Description
Originally reported by: spookylukey (Bitbucket: spookylukey, GitHub: spookylukey)
The approach taken by egg_info is to list all the files in the source directory, recursively, and then apply rules. (via manifest_maker
and FileList.findall
)
If you have a lot of files, this can take a really long time. It combines especially badly with tools like 'tox', which put lots of virtualenvs in the current dir, putting many thousands of files there.
On one small project I maintain, running tox from a cold start has a 5 minute start up time (because it runs setup.py, which runs egg_info or something similar), which is a real pain when the tests themselves run far more quickly.
Would you consider a patch to improve this?
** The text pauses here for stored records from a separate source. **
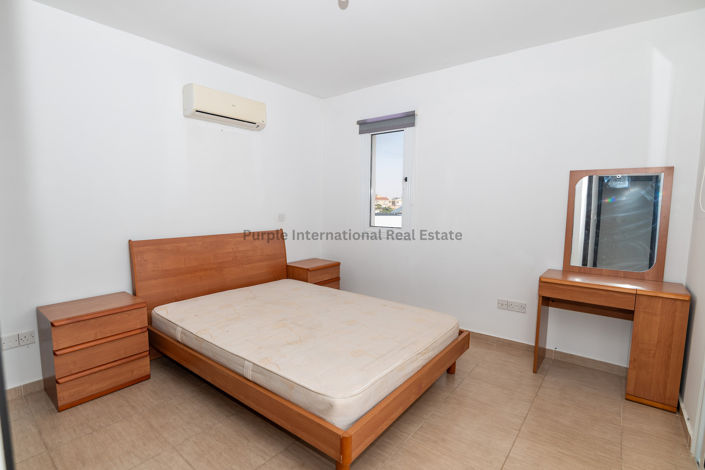 Image No.15-3 Bed Apartment for sale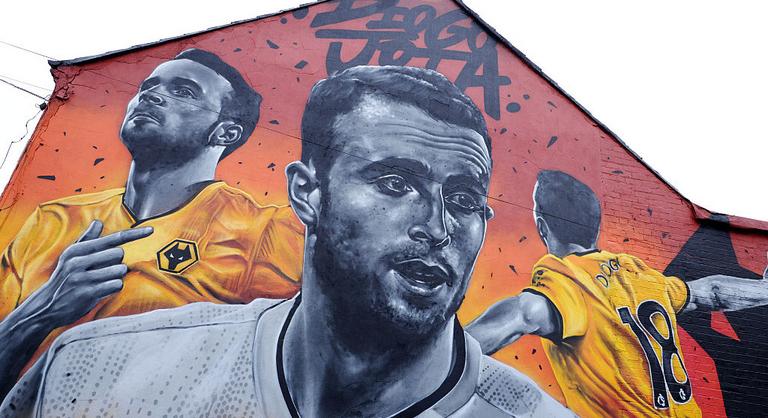 Szívszaggató gesztussal készül júliusban elhunyt futballistája emlékére a Liverpool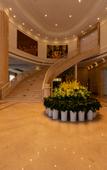 Туры в отель Vienna International Hotel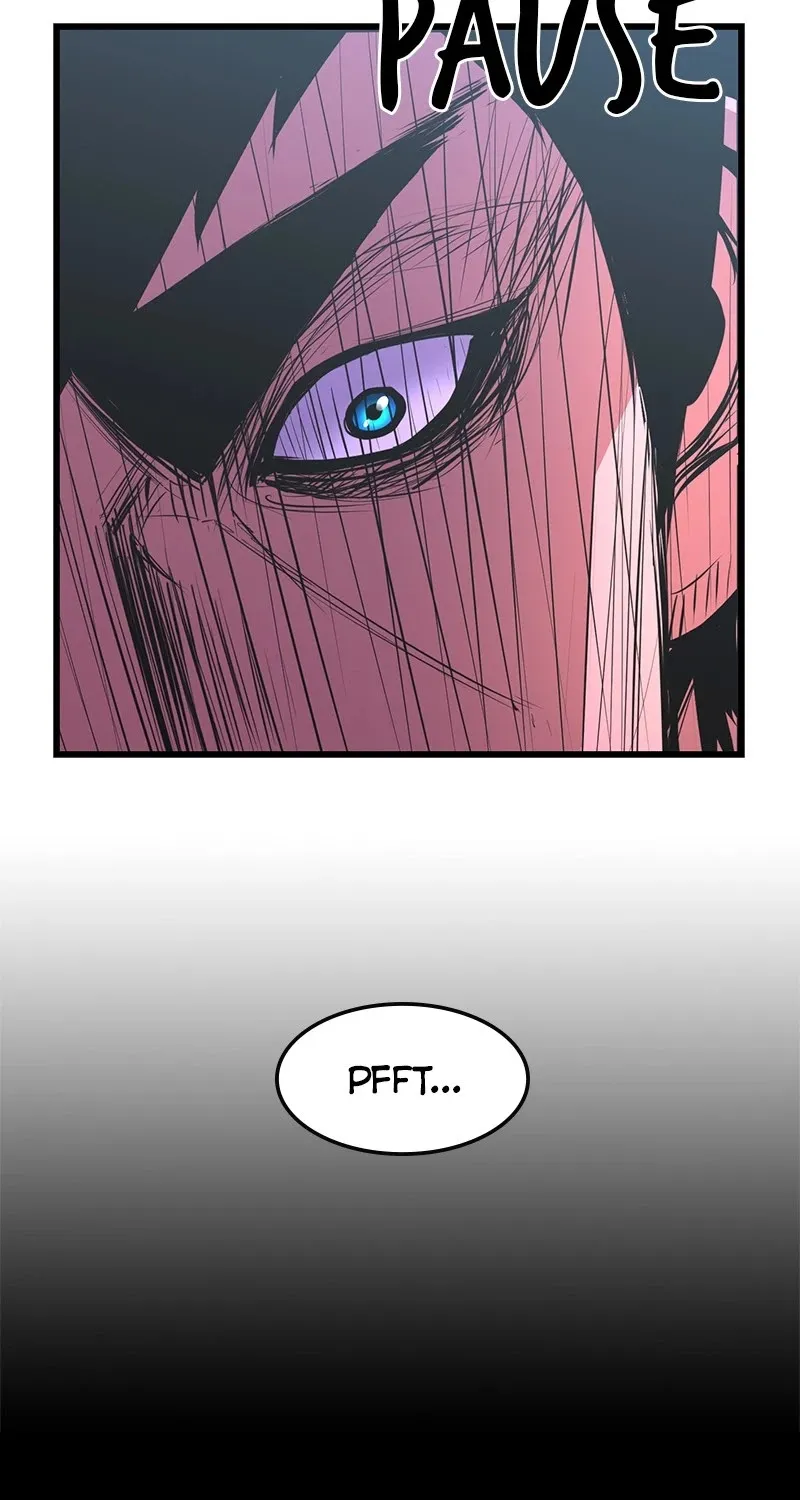 Hallym Gymnasium Chapter 35 page 11 -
Attempting a full fix is very difficult, due to the way that MANIFEST rules are essentially an imperative language in which order matters, as files are added and removed.
One strategy that might work would be to attempt to optimise very few MANIFEST commands - for example, only 'prune' would be considered. That is, a custom FileList.find_all
command would understand the 'prune' command, and avoid recursing into that directory, but only if the prune command comes after any commands that would add files. From my understanding of how MANIFEST is processed https://docs.python.org/2/distutils/sourcedist.html, I believe this would preserve correctness.
This would not be much of an optimisation out-of-the box, but it would allow you to add "prune .tox" and "prune .git" etc. at the end of your MANIFEST.in to get big speedups.
Would this approach be accepted if I worked on it?